> What is expected
Below this line are records; write out exactly the lines from the one containing "Η ΦΛΩΚΑΤΗ - Foto 9" through the one containing "Mysig grå stickad kofta - 92", with the pictures left out.

> Supplied information
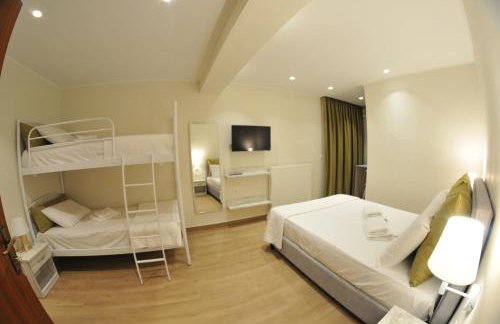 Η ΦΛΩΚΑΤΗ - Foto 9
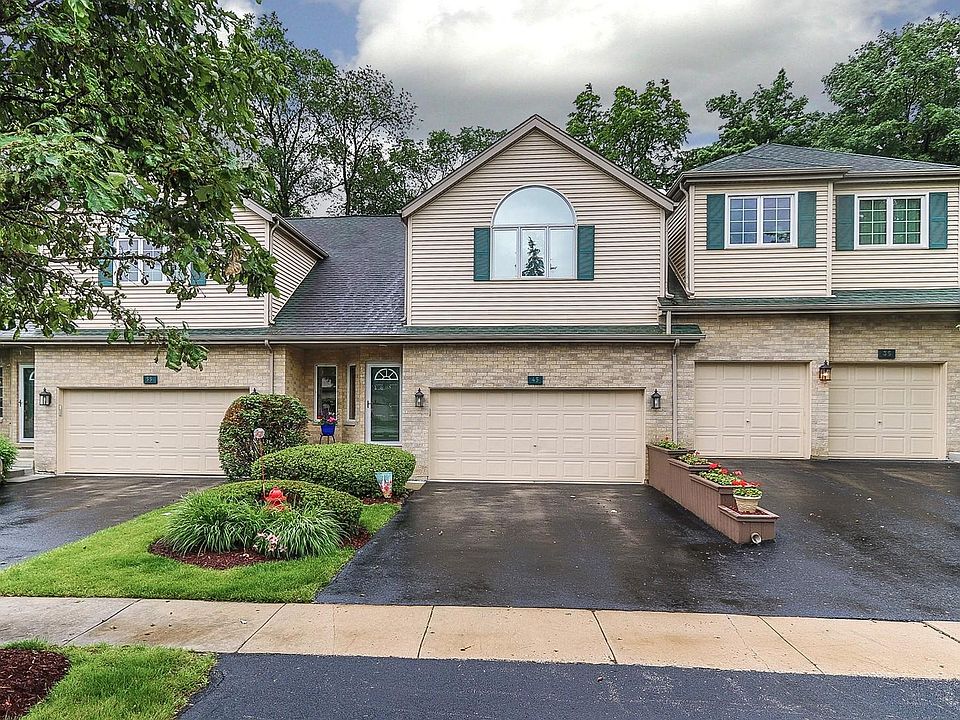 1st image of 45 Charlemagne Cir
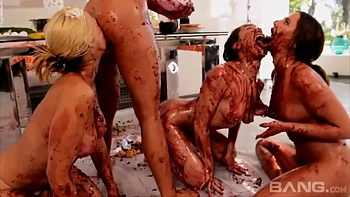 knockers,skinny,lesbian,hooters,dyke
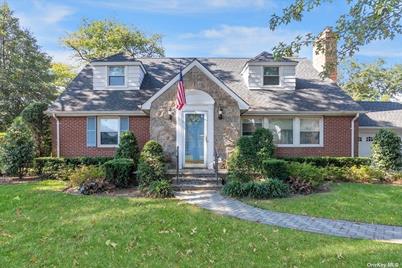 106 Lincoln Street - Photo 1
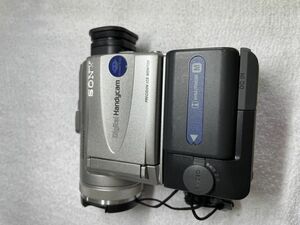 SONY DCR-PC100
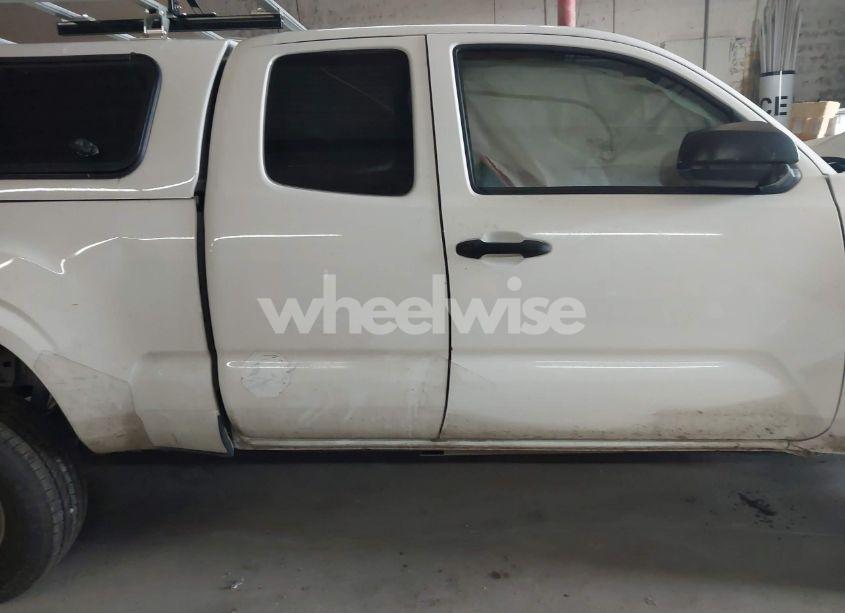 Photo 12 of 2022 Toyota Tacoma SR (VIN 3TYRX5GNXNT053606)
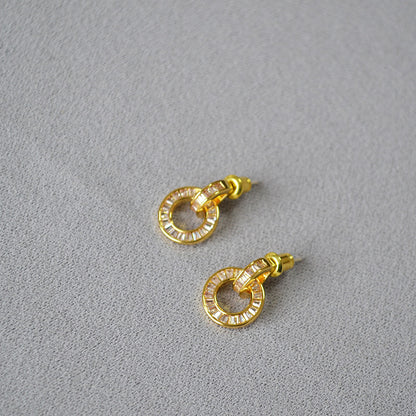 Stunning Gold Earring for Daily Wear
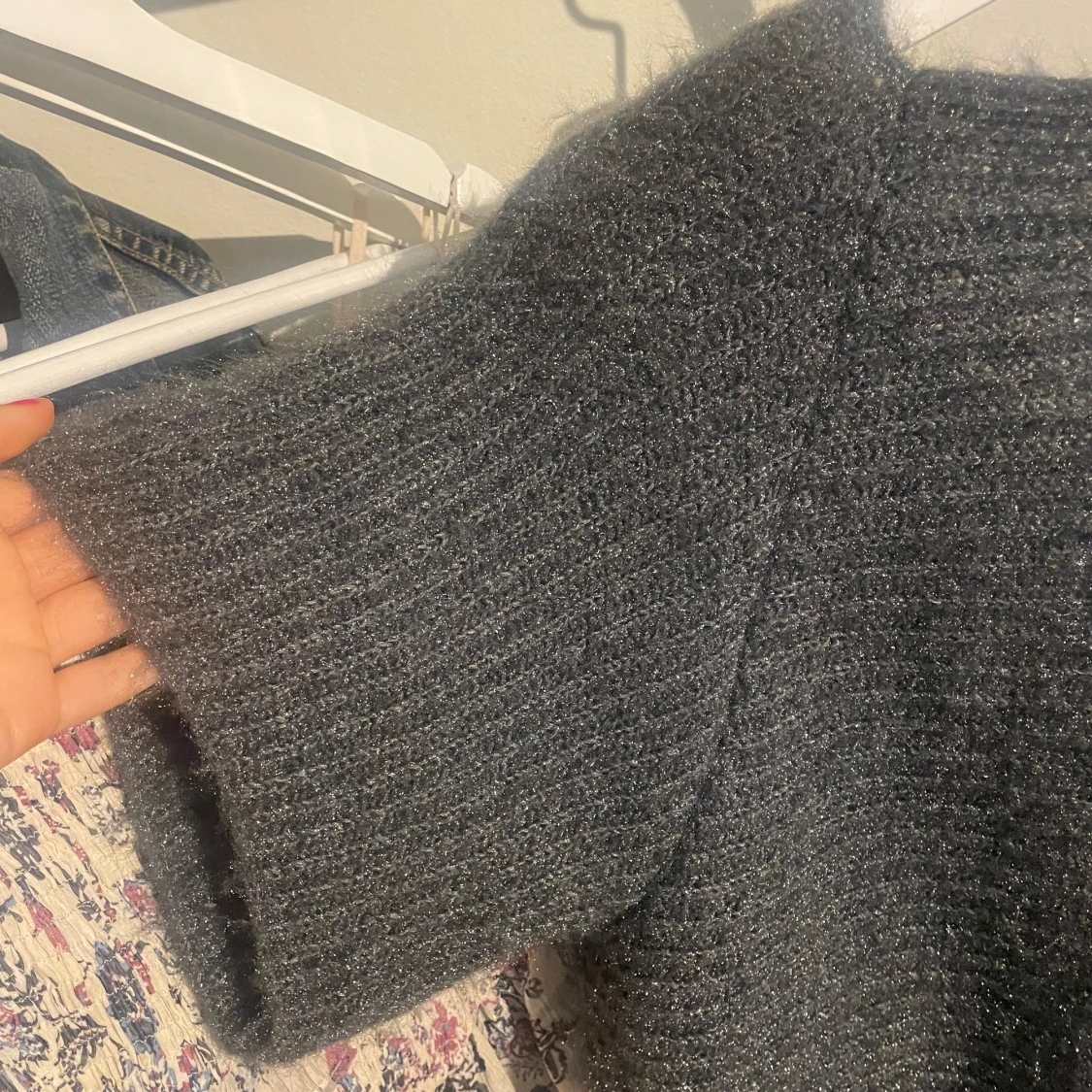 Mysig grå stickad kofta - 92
...
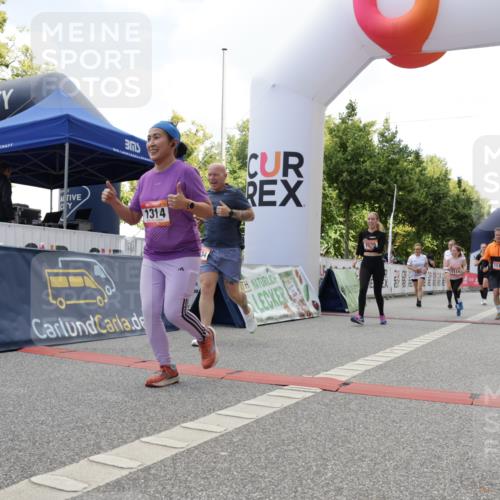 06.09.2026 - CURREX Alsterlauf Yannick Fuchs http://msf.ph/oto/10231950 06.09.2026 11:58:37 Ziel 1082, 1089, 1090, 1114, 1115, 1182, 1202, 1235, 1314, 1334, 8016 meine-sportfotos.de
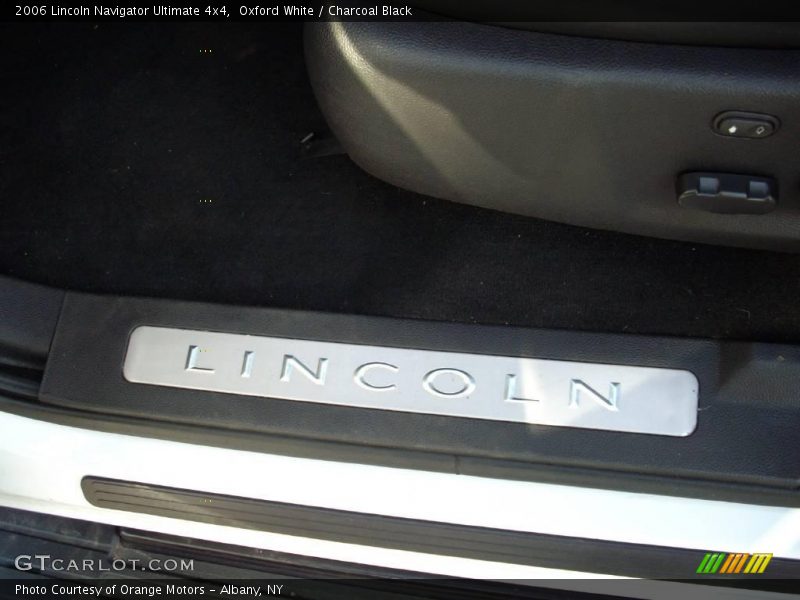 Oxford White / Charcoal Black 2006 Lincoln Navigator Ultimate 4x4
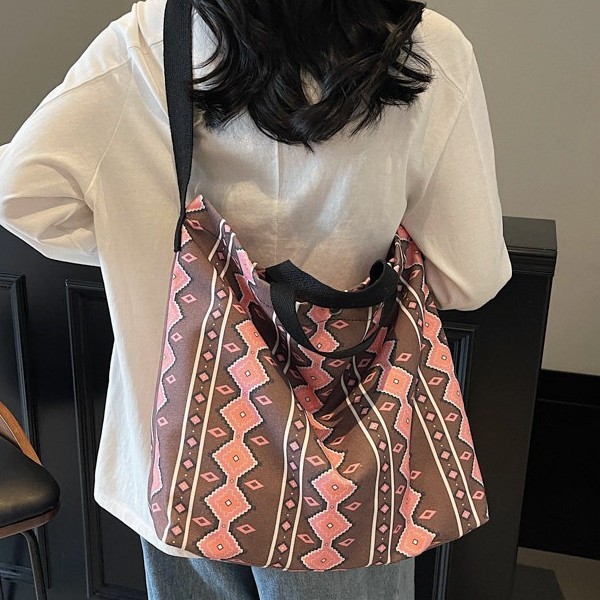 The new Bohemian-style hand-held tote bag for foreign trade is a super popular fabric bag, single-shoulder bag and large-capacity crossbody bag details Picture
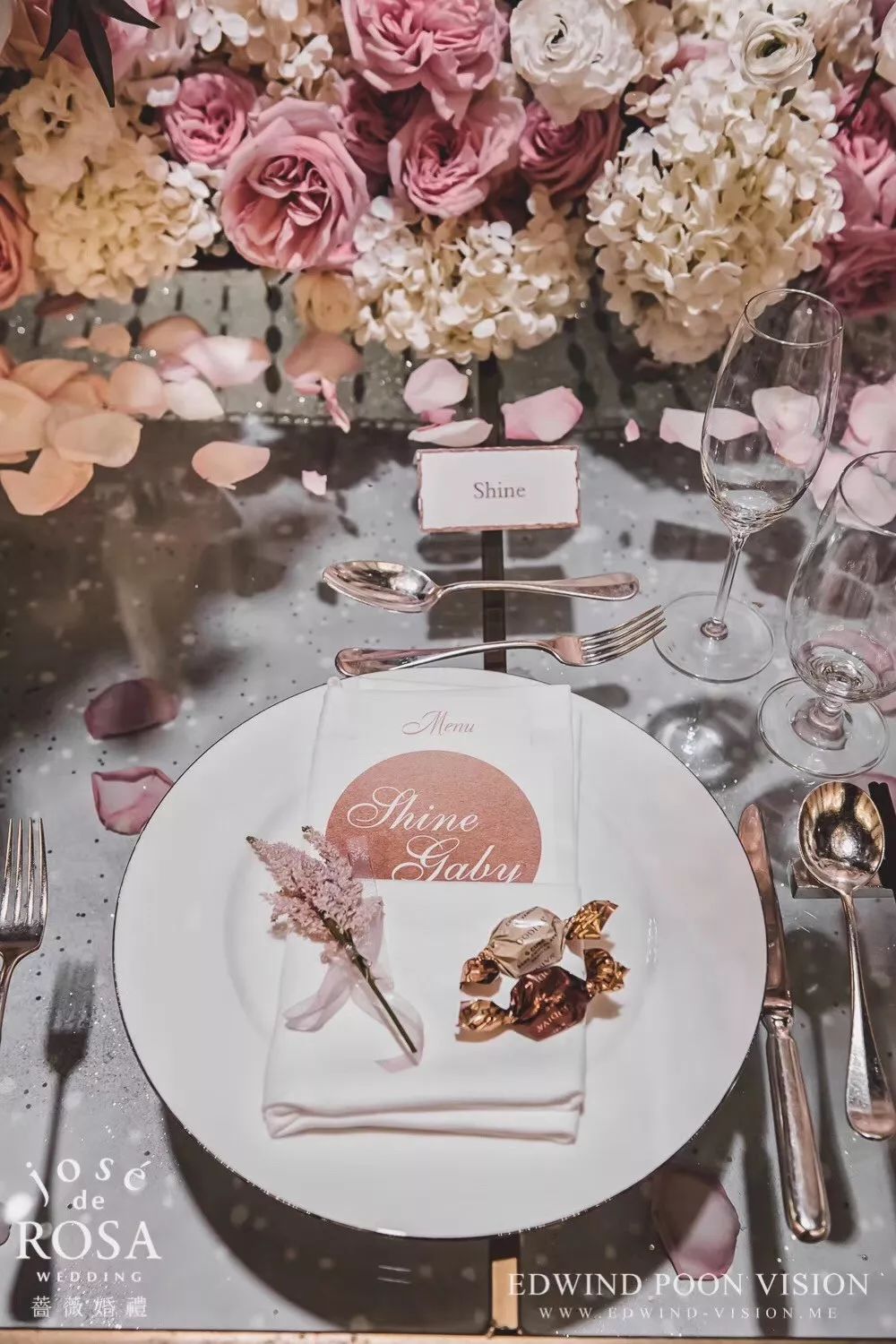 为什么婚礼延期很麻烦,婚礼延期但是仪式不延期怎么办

> Reply to the exercise
 Η ΦΛΩΚΑΤΗ - Foto 9
 1st image of 45 Charlemagne Cir
 knockers,skinny,lesbian,hooters,dyke
 106 Lincoln Street - Photo 1
 SONY DCR-PC100
 Photo 12 of 2022 Toyota Tacoma SR (VIN 3TYRX5GNXNT053606)
 Stunning Gold Earring for Daily Wear
 Mysig grå stickad kofta - 92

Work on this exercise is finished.